▶ **Your instructions**
Give the records again. Keep them exact and leave out the images.

▶ **Data for analysis**
+ + + + + + +

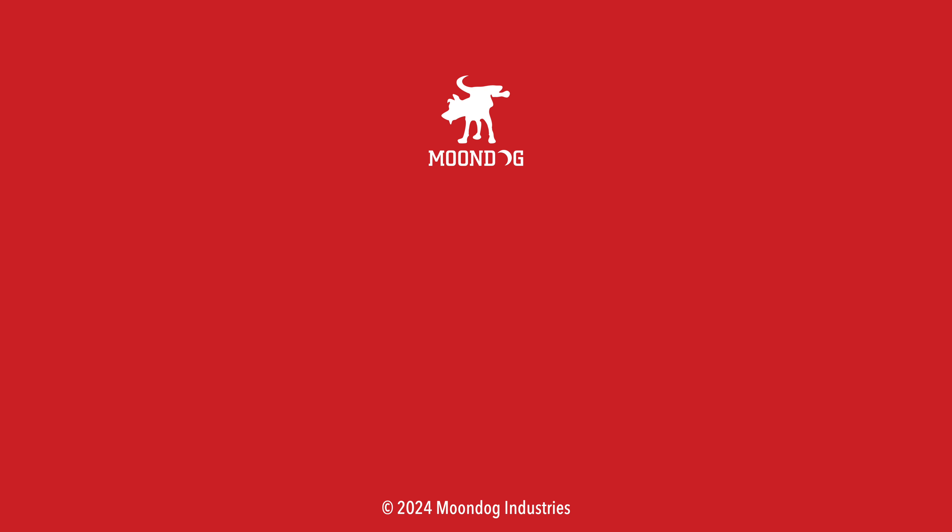I'd like to know what you thought of this video. Leave me a comment or chat with me on Facebook, Twitter, TikTok, MeWe, Instagram, or Locals. And if you want to see all of my videos, go to moondogindustries.com.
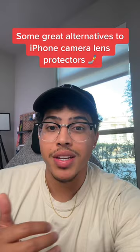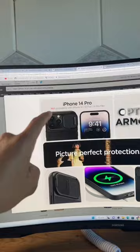First on the list, and the one I like the most, is the Spigen Optic Armor case, because not only does it completely protect your camera lenses with this little lens cover, but when you do want to go use your camera, you just slide the cover over and you still have the great quality of your iPhone's cameras.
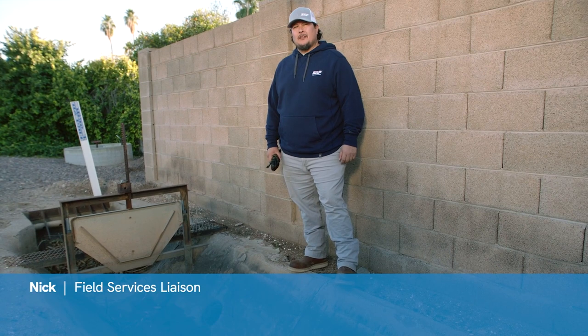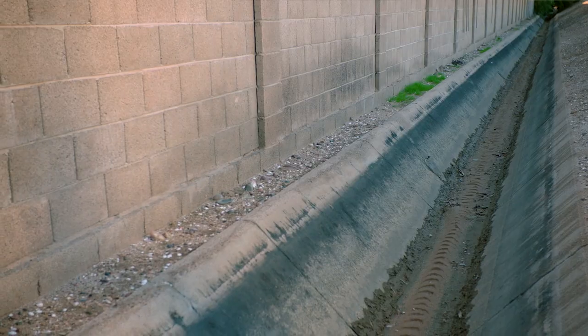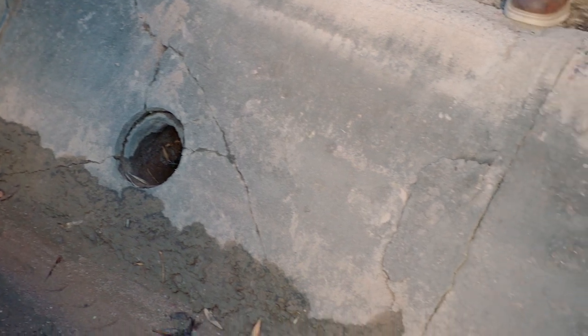Hi, my name is Nick. I'm a Field Service Liaison with SRP. We're here today to talk about concrete ditches. They're sometimes referred to as a slip form or a V-ditch. They should be free of cracks or missing sections of concrete. You should inspect and maintain your concrete ditch often.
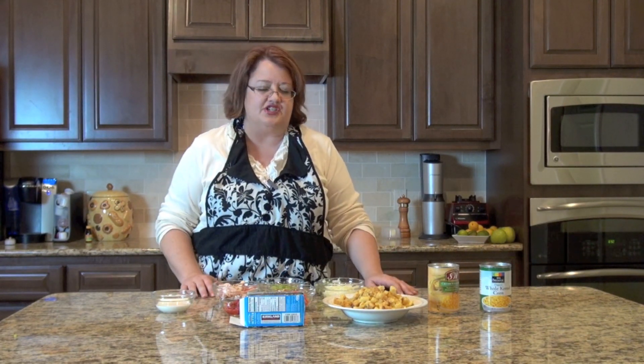Next up on Copycat Recipes, I'm going to show you how you can make Luby's Spanish Indian Corn. It's a great way to use up leftover cornbread. We're going to make Luby's Spanish Indian style corn — a fantastic way to use up leftover cornbread. We really turned this into a casserole, so it's definitely a very, very hearty side dish.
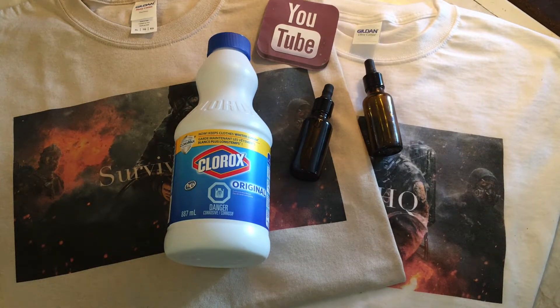One interesting thing — bleach also increases the lifespan of cut flowers. Put three drops and some sugar per liter when you have cut flowers or cut plants. It's mainly used in the flower industry. Not necessarily needed in a bug out bag or grid-down situation, but just giving you the info.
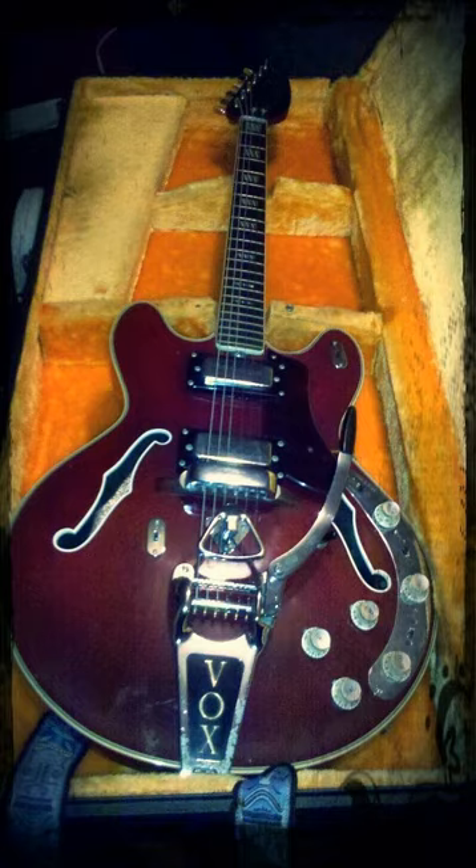Other Vox guitars include the Mark III and Mark VI. External links provide Vox Ultrasonic details, history, and sound samples.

+ + + + + + +

▶ **Exercise result**
I'd like to know what you thought of this video. Leave me a comment or chat with me on Facebook, Twitter, TikTok, MeWe, Instagram, or Locals. And if you want to see all of my videos, go to moondogindustries.com.
First on the list, and the one I like the most, is the Spigen Optic Armor case, because not only does it completely protect your camera lenses with this little lens cover, but when you do want to go use your camera, you just slide the cover over and you still have the great quality of your iPhone's cameras.
Hi, my name is Nick. I'm a Field Service Liaison with SRP. We're here today to talk about concrete ditches. They're sometimes referred to as a slip form or a V-ditch. They should be free of cracks or missing sections of concrete. You should inspect and maintain your concrete ditch often.
Next up on Copycat Recipes, I'm going to show you how you can make Luby's Spanish Indian Corn. It's a great way to use up leftover cornbread. We're going to make Luby's Spanish Indian style corn — a fantastic way to use up leftover cornbread. We really turned this into a casserole, so it's definitely a very, very hearty side dish.
One interesting thing — bleach also increases the lifespan of cut flowers. Put three drops and some sugar per liter when you have cut flowers or cut plants. It's mainly used in the flower industry. Not necessarily needed in a bug out bag or grid-down situation, but just giving you the info.
Other Vox guitars include the Mark III and Mark VI. External links provide Vox Ultrasonic details, history, and sound samples.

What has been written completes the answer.